Extracted records:

○ ○ ○ ○

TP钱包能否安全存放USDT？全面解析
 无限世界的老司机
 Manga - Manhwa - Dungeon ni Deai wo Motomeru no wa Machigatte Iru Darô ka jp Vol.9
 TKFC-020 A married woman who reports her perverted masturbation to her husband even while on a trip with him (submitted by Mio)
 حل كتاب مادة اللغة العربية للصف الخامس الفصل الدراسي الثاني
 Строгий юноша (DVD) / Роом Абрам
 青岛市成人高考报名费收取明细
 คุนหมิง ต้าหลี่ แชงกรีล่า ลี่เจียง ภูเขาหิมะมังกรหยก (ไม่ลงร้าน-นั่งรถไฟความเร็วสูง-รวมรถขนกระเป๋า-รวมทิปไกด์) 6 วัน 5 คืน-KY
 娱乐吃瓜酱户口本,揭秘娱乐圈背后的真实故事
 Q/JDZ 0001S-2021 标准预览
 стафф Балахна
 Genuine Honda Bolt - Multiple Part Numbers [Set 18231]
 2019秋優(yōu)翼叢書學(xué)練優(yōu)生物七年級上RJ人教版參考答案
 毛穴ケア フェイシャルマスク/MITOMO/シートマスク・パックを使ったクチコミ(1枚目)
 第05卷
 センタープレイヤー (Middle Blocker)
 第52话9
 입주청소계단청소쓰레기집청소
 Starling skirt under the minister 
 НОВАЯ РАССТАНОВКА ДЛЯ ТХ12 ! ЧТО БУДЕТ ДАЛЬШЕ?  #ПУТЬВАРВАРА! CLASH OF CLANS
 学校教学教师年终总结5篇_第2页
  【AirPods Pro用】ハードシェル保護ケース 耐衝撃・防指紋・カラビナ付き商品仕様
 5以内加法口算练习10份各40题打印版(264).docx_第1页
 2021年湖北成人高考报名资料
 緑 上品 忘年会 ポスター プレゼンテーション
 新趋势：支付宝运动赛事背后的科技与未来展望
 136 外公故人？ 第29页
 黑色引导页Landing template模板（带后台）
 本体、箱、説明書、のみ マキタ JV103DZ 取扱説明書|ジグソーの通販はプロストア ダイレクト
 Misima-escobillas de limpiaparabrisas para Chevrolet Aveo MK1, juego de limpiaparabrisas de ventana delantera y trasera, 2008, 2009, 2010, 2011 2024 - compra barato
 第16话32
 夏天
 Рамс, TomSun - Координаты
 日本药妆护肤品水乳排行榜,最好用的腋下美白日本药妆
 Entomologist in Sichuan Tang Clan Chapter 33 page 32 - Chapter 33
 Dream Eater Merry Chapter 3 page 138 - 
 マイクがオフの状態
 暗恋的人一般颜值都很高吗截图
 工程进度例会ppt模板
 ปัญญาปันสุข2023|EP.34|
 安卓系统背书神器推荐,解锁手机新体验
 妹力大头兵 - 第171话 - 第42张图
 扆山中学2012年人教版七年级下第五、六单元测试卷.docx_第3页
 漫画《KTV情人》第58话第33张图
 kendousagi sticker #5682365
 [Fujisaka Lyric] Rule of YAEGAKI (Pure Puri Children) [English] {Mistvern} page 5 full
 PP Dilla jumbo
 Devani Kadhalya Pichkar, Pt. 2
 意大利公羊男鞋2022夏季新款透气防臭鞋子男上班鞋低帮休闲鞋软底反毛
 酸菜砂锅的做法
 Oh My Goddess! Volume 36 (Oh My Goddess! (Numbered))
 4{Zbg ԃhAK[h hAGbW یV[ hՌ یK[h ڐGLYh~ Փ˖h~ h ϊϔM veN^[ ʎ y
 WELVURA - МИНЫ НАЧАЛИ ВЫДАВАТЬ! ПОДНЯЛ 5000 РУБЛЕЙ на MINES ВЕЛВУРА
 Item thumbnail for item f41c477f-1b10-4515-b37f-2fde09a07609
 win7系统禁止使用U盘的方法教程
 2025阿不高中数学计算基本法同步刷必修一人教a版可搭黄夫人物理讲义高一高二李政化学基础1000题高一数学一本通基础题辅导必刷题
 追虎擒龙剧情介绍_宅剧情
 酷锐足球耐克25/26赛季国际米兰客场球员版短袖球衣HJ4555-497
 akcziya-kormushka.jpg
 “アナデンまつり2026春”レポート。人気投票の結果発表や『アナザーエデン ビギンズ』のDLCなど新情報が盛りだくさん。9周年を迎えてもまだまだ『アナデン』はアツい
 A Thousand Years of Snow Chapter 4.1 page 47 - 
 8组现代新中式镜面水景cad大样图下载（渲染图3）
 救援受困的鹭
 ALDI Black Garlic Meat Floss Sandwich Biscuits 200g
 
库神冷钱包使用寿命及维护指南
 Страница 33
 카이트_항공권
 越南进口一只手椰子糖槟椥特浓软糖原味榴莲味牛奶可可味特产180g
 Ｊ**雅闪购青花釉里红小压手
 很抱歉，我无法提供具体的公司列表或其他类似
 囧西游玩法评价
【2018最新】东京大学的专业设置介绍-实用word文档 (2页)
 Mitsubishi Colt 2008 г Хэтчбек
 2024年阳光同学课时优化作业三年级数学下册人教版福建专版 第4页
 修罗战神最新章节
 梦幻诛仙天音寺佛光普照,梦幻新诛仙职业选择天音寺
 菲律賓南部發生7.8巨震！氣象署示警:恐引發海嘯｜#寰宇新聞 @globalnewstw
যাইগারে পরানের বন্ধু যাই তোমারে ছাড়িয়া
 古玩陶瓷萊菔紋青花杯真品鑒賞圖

○ ○ ○ ○

(Aim of the task) Restate the whole of the data exactly.

(Exercise output)
TP钱包能否安全存放USDT？全面解析
 无限世界的老司机
 Manga - Manhwa - Dungeon ni Deai wo Motomeru no wa Machigatte Iru Darô ka jp Vol.9
 TKFC-020 A married woman who reports her perverted masturbation to her husband even while on a trip with him (submitted by Mio)
 حل كتاب مادة اللغة العربية للصف الخامس الفصل الدراسي الثاني
 Строгий юноша (DVD) / Роом Абрам
 青岛市成人高考报名费收取明细
 คุนหมิง ต้าหลี่ แชงกรีล่า ลี่เจียง ภูเขาหิมะมังกรหยก (ไม่ลงร้าน-นั่งรถไฟความเร็วสูง-รวมรถขนกระเป๋า-รวมทิปไกด์) 6 วัน 5 คืน-KY
 娱乐吃瓜酱户口本,揭秘娱乐圈背后的真实故事
 Q/JDZ 0001S-2021 标准预览
 стафф Балахна
 Genuine Honda Bolt - Multiple Part Numbers [Set 18231]
 2019秋優(yōu)翼叢書學(xué)練優(yōu)生物七年級上RJ人教版參考答案
 毛穴ケア フェイシャルマスク/MITOMO/シートマスク・パックを使ったクチコミ(1枚目)
 第05卷
 センタープレイヤー (Middle Blocker)
 第52话9
 입주청소계단청소쓰레기집청소
 Starling skirt under the minister 
 НОВАЯ РАССТАНОВКА ДЛЯ ТХ12 ! ЧТО БУДЕТ ДАЛЬШЕ?  #ПУТЬВАРВАРА! CLASH OF CLANS
 学校教学教师年终总结5篇_第2页
  【AirPods Pro用】ハードシェル保護ケース 耐衝撃・防指紋・カラビナ付き商品仕様
 5以内加法口算练习10份各40题打印版(264).docx_第1页
 2021年湖北成人高考报名资料
 緑 上品 忘年会 ポスター プレゼンテーション
 新趋势：支付宝运动赛事背后的科技与未来展望
 136 外公故人？ 第29页
 黑色引导页Landing template模板（带后台）
 本体、箱、説明書、のみ マキタ JV103DZ 取扱説明書|ジグソーの通販はプロストア ダイレクト
 Misima-escobillas de limpiaparabrisas para Chevrolet Aveo MK1, juego de limpiaparabrisas de ventana delantera y trasera, 2008, 2009, 2010, 2011 2024 - compra barato
 第16话32
 夏天
 Рамс, TomSun - Координаты
 日本药妆护肤品水乳排行榜,最好用的腋下美白日本药妆
 Entomologist in Sichuan Tang Clan Chapter 33 page 32 - Chapter 33
 Dream Eater Merry Chapter 3 page 138 - 
 マイクがオフの状態
 暗恋的人一般颜值都很高吗截图
 工程进度例会ppt模板
 ปัญญาปันสุข2023|EP.34|
 安卓系统背书神器推荐,解锁手机新体验
 妹力大头兵 - 第171话 - 第42张图
 扆山中学2012年人教版七年级下第五、六单元测试卷.docx_第3页
 漫画《KTV情人》第58话第33张图
 kendousagi sticker #5682365
 [Fujisaka Lyric] Rule of YAEGAKI (Pure Puri Children) [English] {Mistvern} page 5 full
 PP Dilla jumbo
 Devani Kadhalya Pichkar, Pt. 2
 意大利公羊男鞋2022夏季新款透气防臭鞋子男上班鞋低帮休闲鞋软底反毛
 酸菜砂锅的做法
 Oh My Goddess! Volume 36 (Oh My Goddess! (Numbered))
 4{Zbg ԃhAK[h hAGbW یV[ hՌ یK[h ڐGLYh~ Փ˖h~ h ϊϔM veN^[ ʎ y
 WELVURA - МИНЫ НАЧАЛИ ВЫДАВАТЬ! ПОДНЯЛ 5000 РУБЛЕЙ на MINES ВЕЛВУРА
 Item thumbnail for item f41c477f-1b10-4515-b37f-2fde09a07609
 win7系统禁止使用U盘的方法教程
 2025阿不高中数学计算基本法同步刷必修一人教a版可搭黄夫人物理讲义高一高二李政化学基础1000题高一数学一本通基础题辅导必刷题
 追虎擒龙剧情介绍_宅剧情
 酷锐足球耐克25/26赛季国际米兰客场球员版短袖球衣HJ4555-497
 akcziya-kormushka.jpg
 “アナデンまつり2026春”レポート。人気投票の結果発表や『アナザーエデン ビギンズ』のDLCなど新情報が盛りだくさん。9周年を迎えてもまだまだ『アナデン』はアツい
 A Thousand Years of Snow Chapter 4.1 page 47 - 
 8组现代新中式镜面水景cad大样图下载（渲染图3）
 救援受困的鹭
 ALDI Black Garlic Meat Floss Sandwich Biscuits 200g
 
库神冷钱包使用寿命及维护指南
 Страница 33
 카이트_항공권
 越南进口一只手椰子糖槟椥特浓软糖原味榴莲味牛奶可可味特产180g
 Ｊ**雅闪购青花釉里红小压手
 很抱歉，我无法提供具体的公司列表或其他类似
 囧西游玩法评价
【2018最新】东京大学的专业设置介绍-实用word文档 (2页)
 Mitsubishi Colt 2008 г Хэтчбек
 2024年阳光同学课时优化作业三年级数学下册人教版福建专版 第4页
 修罗战神最新章节
 梦幻诛仙天音寺佛光普照,梦幻新诛仙职业选择天音寺
 菲律賓南部發生7.8巨震！氣象署示警:恐引發海嘯｜#寰宇新聞 @globalnewstw
যাইগারে পরানের বন্ধু যাই তোমারে ছাড়িয়া
 古玩陶瓷萊菔紋青花杯真品鑒賞圖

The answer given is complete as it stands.